De plus, "une mission de réflexion" sur la création par la Caisse centrale de réassurance (CCR) d’un observatoire des tarifs des assurances souscrites par les collectivités "est en cours", selon l'AMF. Mais "c'est trop lent et ne répond pas aux attentes des collectivités qui ne trouvent pas d’assureur", fulmine l'association.
Mutualisation des risques pour les violences urbaines
Elle aimerait que d'autres propositions – parmi les plus sensibles - de la mission conduite notamment par son vice-président soient également mises en chantier. En particulier celles qui concernent la mutualisation des risques liés aux émeutes (comme celles que la France a connues en 2005 et 2023). Avec pour enjeu d'"éviter que ce risque pèse uniquement sur les élus qui n'ont rien demandé et subissent régulièrement la destruction de leurs biens publics", a résumé Alain Chrétien. Avec l'ancien président de Groupama, il propose que "quelques centaines de millions d'euros" provenant du fonds de mutualisation des risques liés aux attentats (le "Gareat" ou Gestion de l'assurance et de la réassurance des risques attentats et terroristes, qui a été créé à la suite des attentats de septembre 2001 aux États-Unis) et qui serait actuellement doté de 2 milliards d'euros, soient "orientés" vers la mutualisation du risque "émeutes". Le maire de Vesoul préconise également la création d'une mission d'information parlementaire, afin de faire la transparence sur le fonctionnement du "Gareat". Lors de leur audition, les responsables de ce dispositif financé par les assureurs avaient en effet été réticents à divulguer les données concernant ce dernier.
Le fonds de mutualisation ainsi étendu serait "accompagné d'une contribution publique nationale", a indiqué Alain Chrétien. Avec cette double solution, les assurances feraient leur retour auprès des collectivités touchées par les émeutes, estime l'élu.
En mai, la ministre déléguée en charge des collectivités territoriales, Dominique Faure, "avait déclaré que l’État allait étudier la proposition concernant la création d’un fonds alimenté par les assureurs" portant sur le risque lié aux émeutes, fait savoir l'AMF. Déplorant que cette proposition n’ait toutefois "pas été suivie d’actes significatifs", elle appelle à "agir rapidement".
Culture du risque
On saura par ailleurs que le gouvernement en charge des affaires courantes à partir de la mi-juillet a envisagé plus sérieusement une autre piste : la création d'une cellule d'accompagnement des collectivités au sein des services du Médiateur de l'assurance.
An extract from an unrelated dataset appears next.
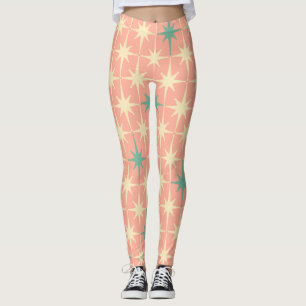 Retro Mittelalter Moderne Sterne Muster rot Rosa Leggings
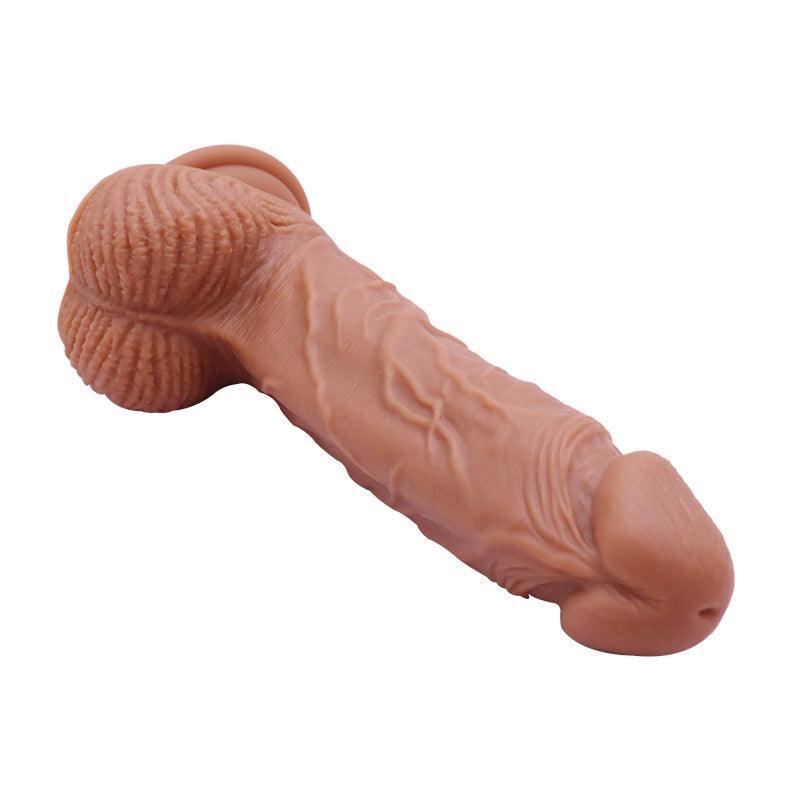 8.5 Inch Realistic Brown Silicone Dildo With Balls - Xoxomoving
Alain Chrétien devait auditionner Arnaud Chneiweiss - qui occupe cette fonction - sur cette hypothèse qui ne l'enthousiasme guère. Ce rôle d'accompagnement appartient plutôt aux services de l'État et aux courtiers, a jugé le maire. En concluant que "ce n'est pas en tordant le bras des assureurs qu'on les fera revenir" sur le marché des collectivités.
Dans leur rapport, Jean-Yves Dagès et Alain Chrétien préconisent d'"intégrer la culture du risque dans le fonctionnement quotidien des collectivités". Avec notamment plusieurs propositions : le recensement du patrimoine et des risques, la désignation d'un manager des risques, ou encore "l'harmonisation" des "référentiels" de sécurité appliqués dans le public avec ceux en vigueur dans le privé.
"On va mettre quelques mois, voire quelques années à pacifier la relation entre les assureurs et les collectivités, ça ne va pas se faire en trois semaines", a prévenu Alain Chrétien. Selon l'élu, il n'existerait pas de "mesure miracle".